::: EXTRACTED DATA :::

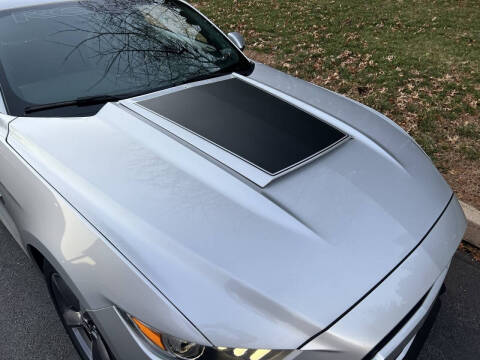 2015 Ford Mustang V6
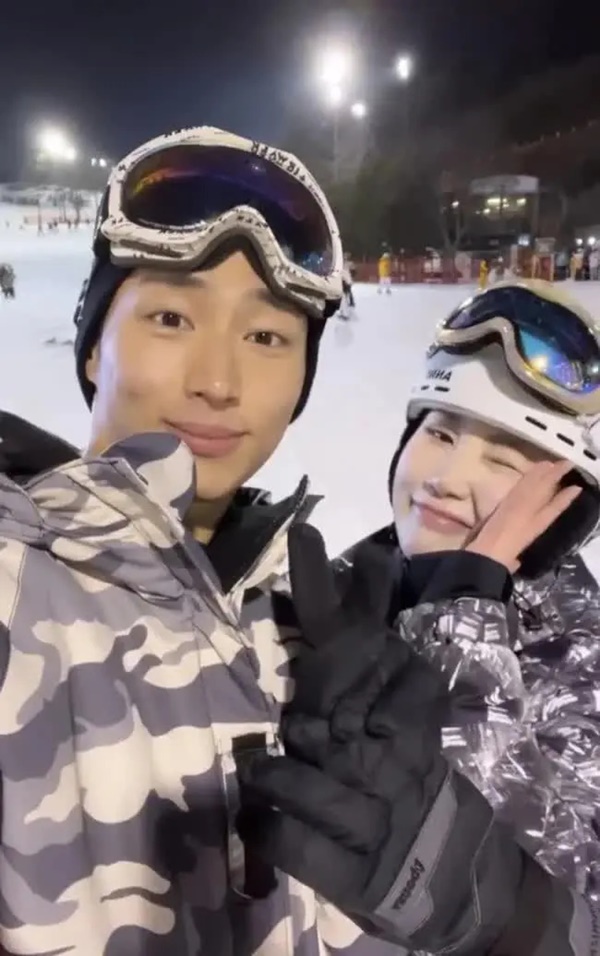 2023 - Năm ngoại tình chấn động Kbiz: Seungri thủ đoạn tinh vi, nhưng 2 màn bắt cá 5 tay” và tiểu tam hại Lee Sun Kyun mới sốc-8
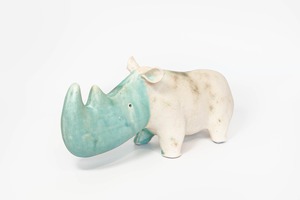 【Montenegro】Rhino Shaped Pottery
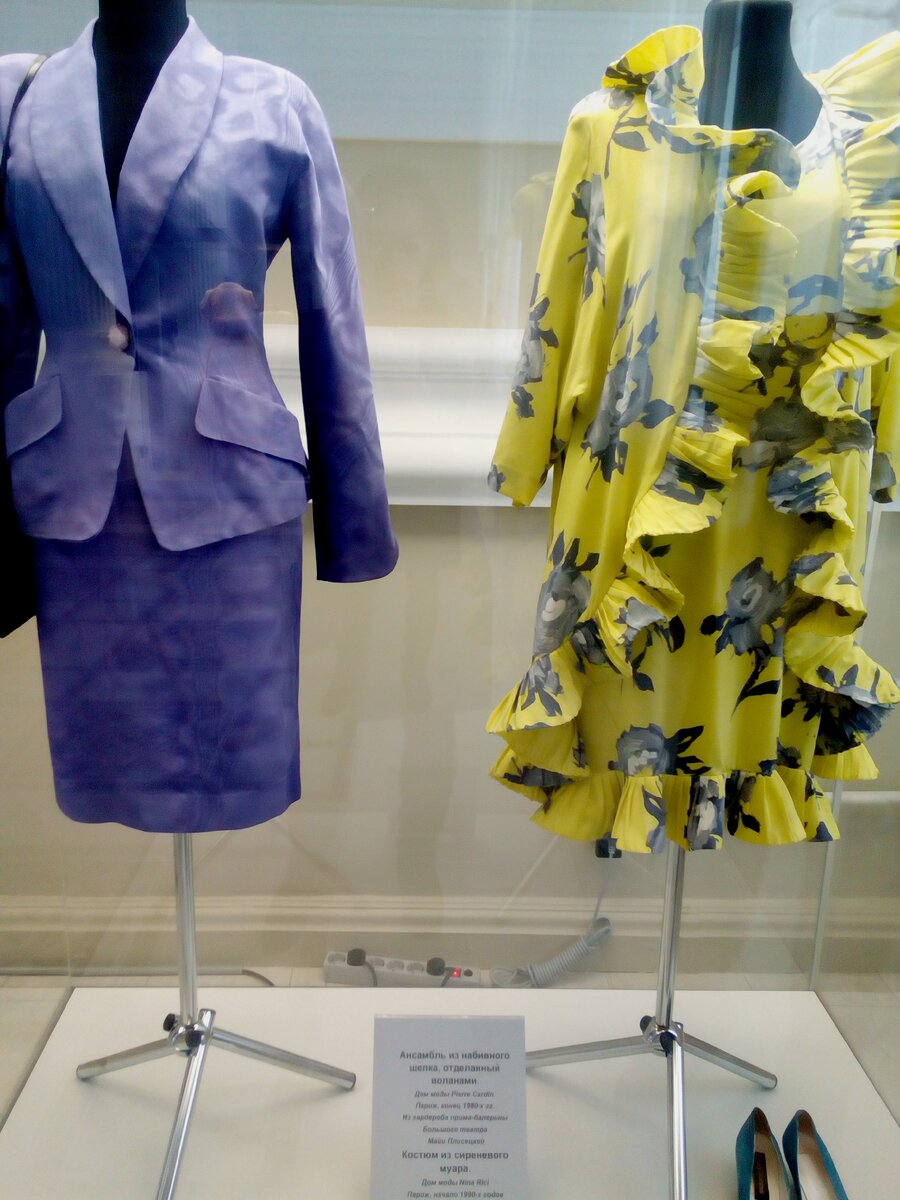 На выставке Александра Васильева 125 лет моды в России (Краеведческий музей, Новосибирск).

:::
::: EXTRACTED DATA :::

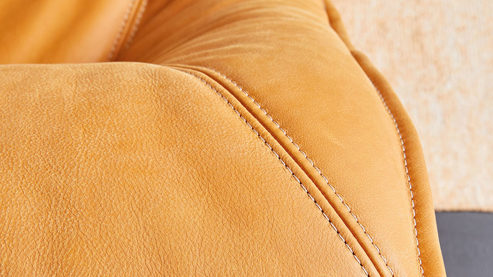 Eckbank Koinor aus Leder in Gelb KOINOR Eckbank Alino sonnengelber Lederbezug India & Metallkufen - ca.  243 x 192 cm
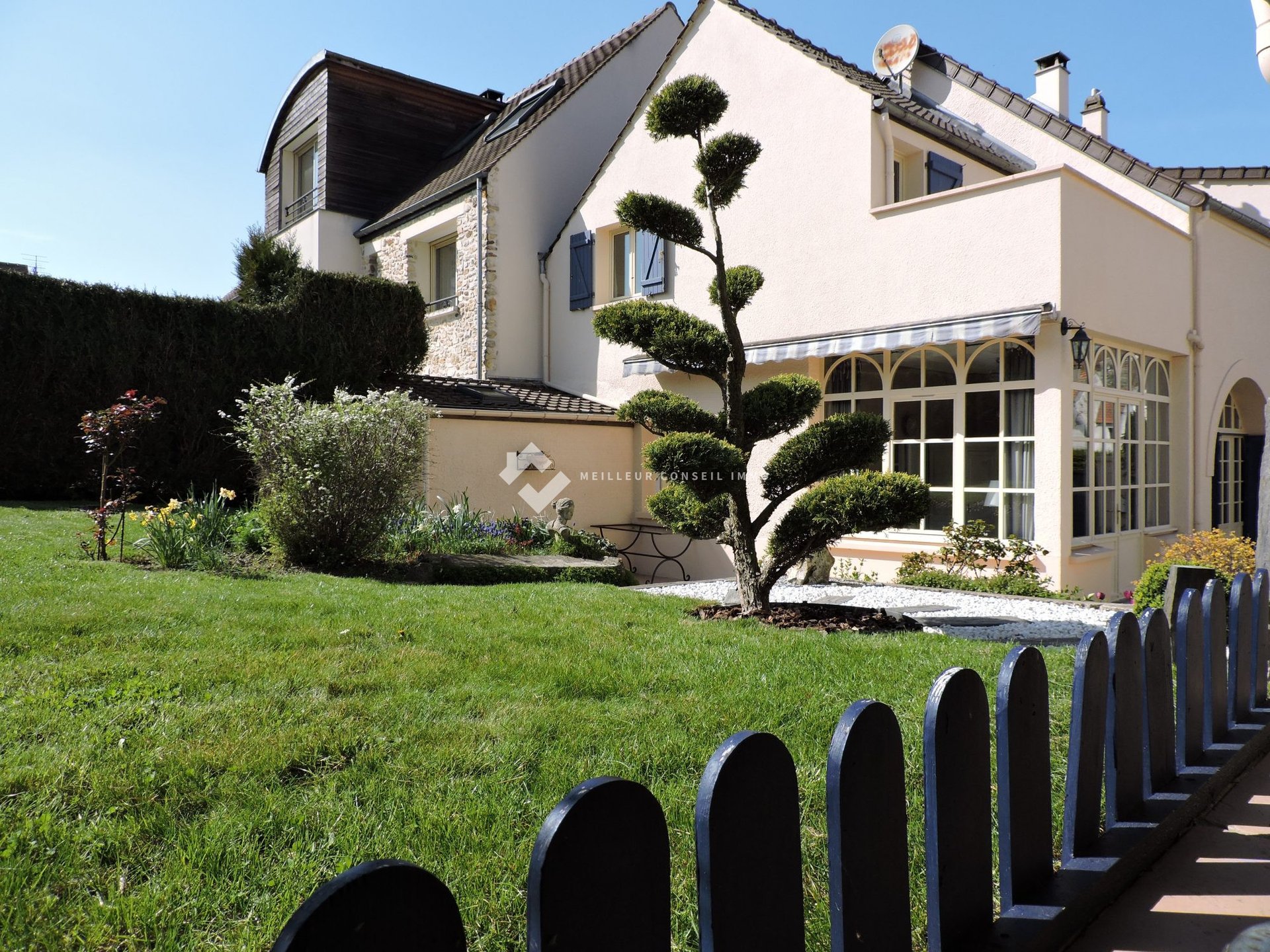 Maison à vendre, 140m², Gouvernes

:::

> _TASK TO COMPLETE_
Precisely those lines above that run from the line with "2023 - Năm ngoại" up to and including the line with "На выставке Александра" are to be set down, with the pictures omitted.

> _RESULT OF THIS EXERCISE_
 2023 - Năm ngoại tình chấn động Kbiz: Seungri thủ đoạn tinh vi, nhưng 2 màn bắt cá 5 tay” và tiểu tam hại Lee Sun Kyun mới sốc-8
 【Montenegro】Rhino Shaped Pottery
 На выставке Александра Васильева 125 лет моды в России (Краеведческий музей, Новосибирск).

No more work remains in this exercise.